The Australian Taxation Office (ATO) has issued a few tax rulings in relation to the tax treatment of cryptocurrencies. In summary, a bitcoin (and other cryptocurrencies) under Australian tax law is:
A Capital Gain Tax (CGT) asset;
Trading stock when the bitcoin is held for the purpose of sale or exchange in the ordinary course of a business;
Not a foreign currency for income tax purposes - foreign exchange currency rules are not applicable to cryptocurrency;
Importantly, the common myth is that taxing only occurs when a trade in cryptocurrency is converted back into ‘normal’ currency, such as Australian Dollars (AUD).
In reality, taxing points occur every time a crypto unit (or part thereof) you hold is sold, exchanged or otherwise disposed of. This could include:
Converting or exchanging for a different crypto unit (e.g. exchanging Bitcoin for Dogecoin);
Exchanging or purchasing for goods or services (e.g. paying your accountant for business advisory using Ethereum); or
Cashing out to ‘real’ money (e.g. converting your Litecoin for US Dollars (USD)).
How are cryptocurrencies taxed?
Cryptocurrencies are able to be used in much the same ways as traditional currency, they are not a type of currency according to Australian taxation laws. Instead, they are treated similar to other investments for income tax purposes, such as shares.
More often than not, this means a cryptocurrency investment will be considered a Capital Gains Tax (CGT) asset. Capital gains here are taxable to taxpayers in the usual manner at their marginal income tax rate, and the general CGT discount may apply if held for longer than 12 months.

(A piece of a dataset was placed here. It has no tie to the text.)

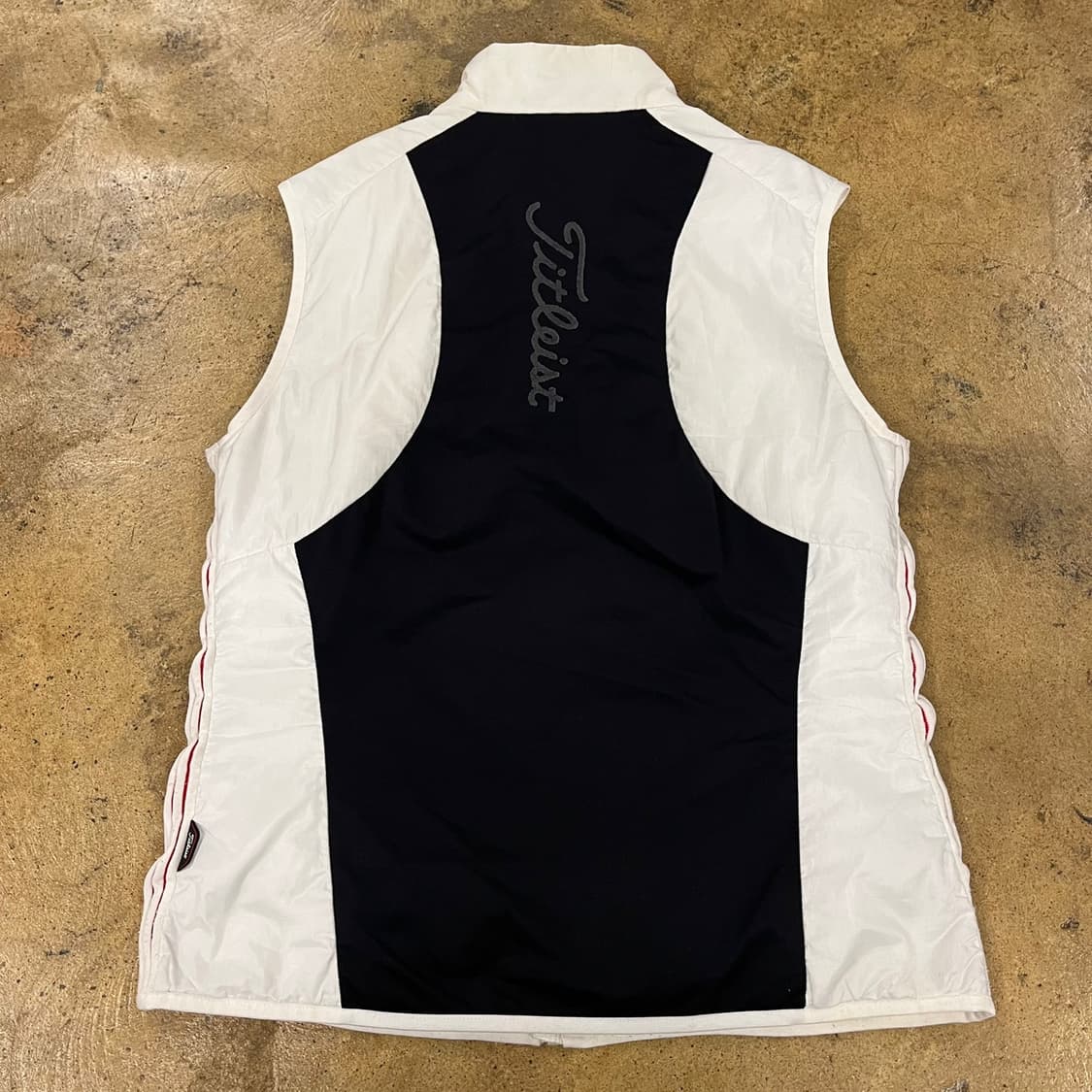 [정품/XL] 타이틀리스트 화이트 골프 바람막이 조끼 b19 상품이미지3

An example, this would mean that at the top marginal tax rate (47%) for individuals with the CGT discount, income tax of $588 would apply on the $2,500 investment gain.
Conversely, capital losses are quarantined and likely only able to offset against other capital gains (not against ordinary income, such as wages or business profits).
Similar to share trading though, there may be situations where trading cryptocurrency may instead be deemed to be business income. This may apply where there is a high volume of trading, the units are held for a short term or for speculation, and there is a business-like method or strategy underlying the transactions. This can be a grey area, and classification here will come down to specific facts.
Where a taxpayer’s cryptocurrency trading is considered to be in the form of a business, then no CGT discount applies (though unlikely anyway as generally held short term (less than 12 months)). However, the losses in this case are able to be applied against other ordinary income (as opposed to being quarantined, as capital losses are).
The ATO collects data from cryptocurrency designated service providers to identify individuals or businesses who may have or may be engaged in buying, selling or transferring cryptocurrency from the income year ended 30 June 2015. In order to be able to respond to any ATO enquiry, cryptocurrency owners or traders are required to maintain records in relation to their holdings.